Restate word for word only the lines from the one with "Slnečné okuliare Ray-Ban" through the end of the records; no pictures belong in the copy.

### SUPPLIED RECORDS
-.-.-

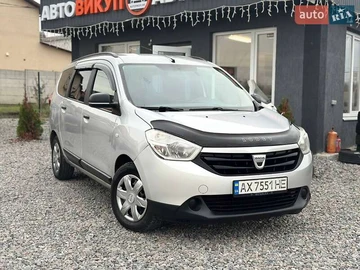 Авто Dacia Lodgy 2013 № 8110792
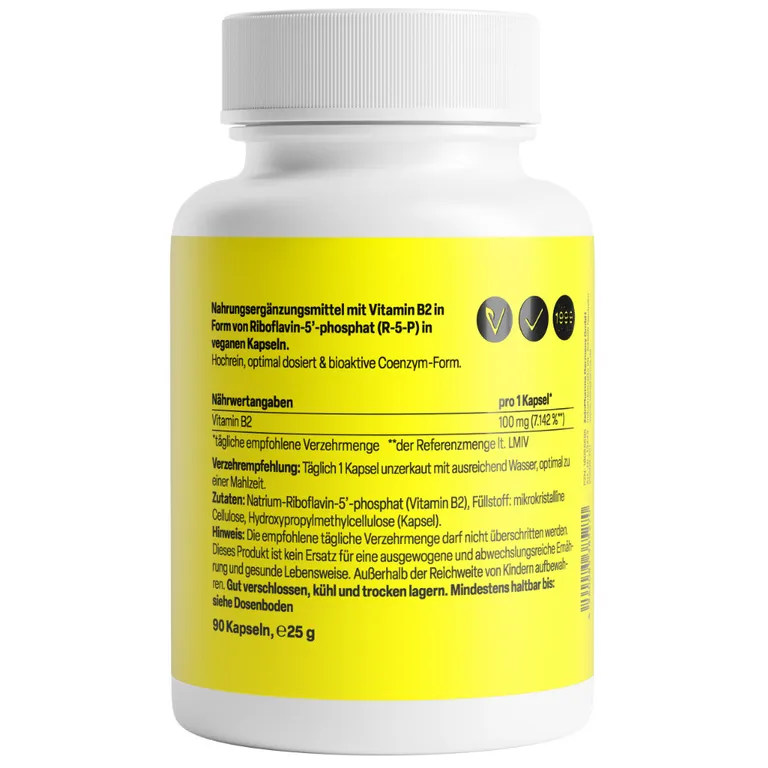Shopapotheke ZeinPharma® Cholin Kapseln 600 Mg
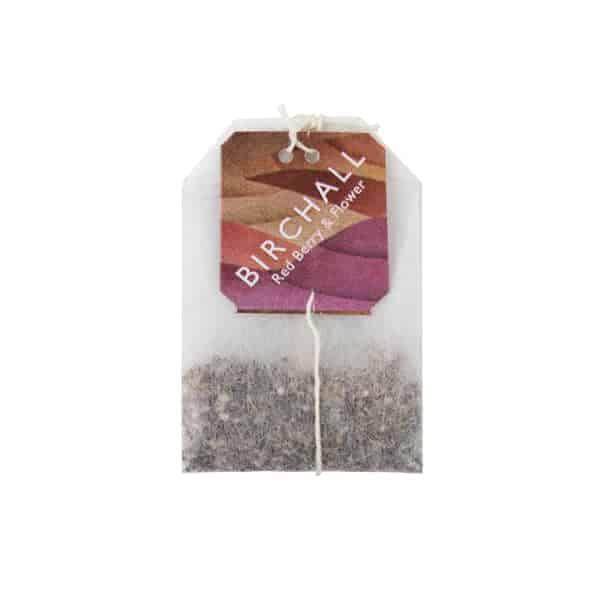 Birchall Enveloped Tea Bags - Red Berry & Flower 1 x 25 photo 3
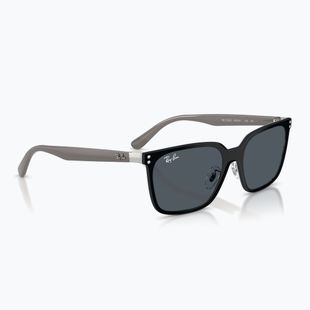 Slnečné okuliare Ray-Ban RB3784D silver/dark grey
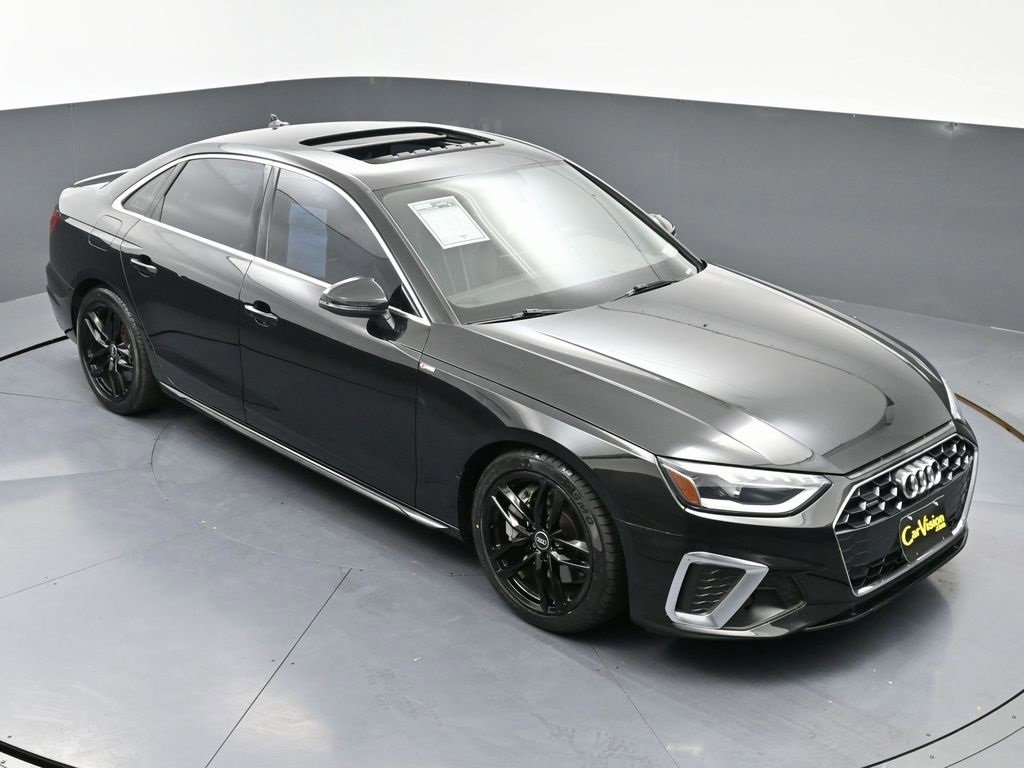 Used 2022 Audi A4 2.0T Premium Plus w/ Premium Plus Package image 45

-.-.-

### RESPONSE FOR THIS EXERCISE
 Slnečné okuliare Ray-Ban RB3784D silver/dark grey
 Used 2022 Audi A4 2.0T Premium Plus w/ Premium Plus Package image 45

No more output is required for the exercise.